● **Brief**: At the line that includes "¾ Sleeve Shirred-Side Knit Tee", begin writing out the entries below exactly, and continue through the last line without adding anything.
....
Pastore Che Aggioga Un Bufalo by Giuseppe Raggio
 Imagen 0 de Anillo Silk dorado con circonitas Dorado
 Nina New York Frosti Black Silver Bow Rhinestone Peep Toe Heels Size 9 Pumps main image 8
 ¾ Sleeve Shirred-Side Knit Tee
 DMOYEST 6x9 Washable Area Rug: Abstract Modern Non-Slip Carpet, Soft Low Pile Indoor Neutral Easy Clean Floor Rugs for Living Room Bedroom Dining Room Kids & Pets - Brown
....
● **Answer below**:
 ¾ Sleeve Shirred-Side Knit Tee
 DMOYEST 6x9 Washable Area Rug: Abstract Modern Non-Slip Carpet, Soft Low Pile Indoor Neutral Easy Clean Floor Rugs for Living Room Bedroom Dining Room Kids & Pets - Brown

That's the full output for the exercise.